The dad and step mother of one of my very good friends have a house on the southern end of Hong Kong island and had invited us to stay when we passed through. Unfortunately, partly due to our being unfamiliar with the geography and partly due to the distance, it took us a good 4 hours to make our way to the other end of the city. 2 busses, one train, and a cab ride later we arrived at the amazing house overlooking the sea and cliffs of southern Hong Kong.
No time to linger though and the next day we had to make our back up. More familiar with the Octopus transportation system (the HK municipal transportation system) though this time around, it was much easier for us to head back to the border. So after a stop off in Central, the financial center of the city, by mid-afternoon we were back in Shenzhen.

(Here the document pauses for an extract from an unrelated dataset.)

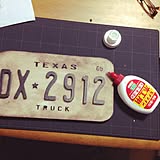 ダイソーのカラーボードでDIYを楽しもう!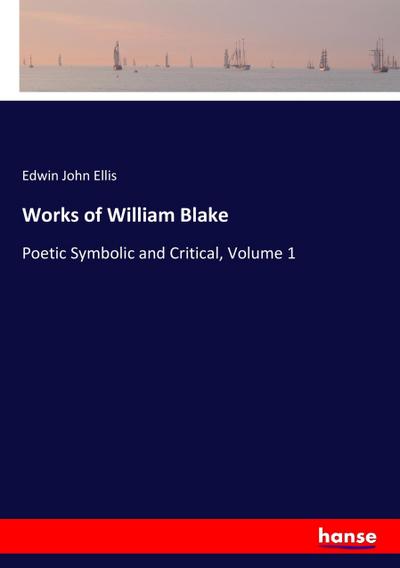 Works of William Blake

Gambling and Sightseeing, Check! Next, Fundraising
After checking out of our little closet of a hotel near the HK border we drove to the outskirts of the city to a luxury hotel where Free Lunch for Children would be hosting a celebrity golf tournament the next day. The hotel and charity had invited us to come participate if we could make it. Though we weren’t worth much on the golf course, there would be an evening event with all the participants where they would be presenting awards for the tournament and they wanted us to present one of the awards.

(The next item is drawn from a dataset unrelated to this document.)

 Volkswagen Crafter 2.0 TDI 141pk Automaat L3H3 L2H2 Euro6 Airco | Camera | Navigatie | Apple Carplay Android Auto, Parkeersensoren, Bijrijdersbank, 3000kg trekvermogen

It was a pretty cool event. The celebrities were split into three teams, HK, Taiwan, and Mainland celebrities. There was a whole red carpet entrance organized for the dinner and we were announced as one of the special guests, walking down the carpet and signing the big background banner. There were speakers talking about the charity, and an auction with the proceeds going to support the charity. We had our brief moment on stage presenting the award for longest drive (to go along with our distance record attempt).
Overall a cool experience. Nice to take a day off in a nice hotel while we waited for the event in the evening. Being part of this formal event along with the charity was fun too and nice to see Free Lunch really being effective in what they are trying to do, bringing more attention for their cause and raising a good amount of money for the schools.
Hectic few days around the south without much forward progress in terms of kilometers covered. That was going to change though, with less than 10 provinces left to go now but winter fast approaching in the north. Next stop, Fujian Province!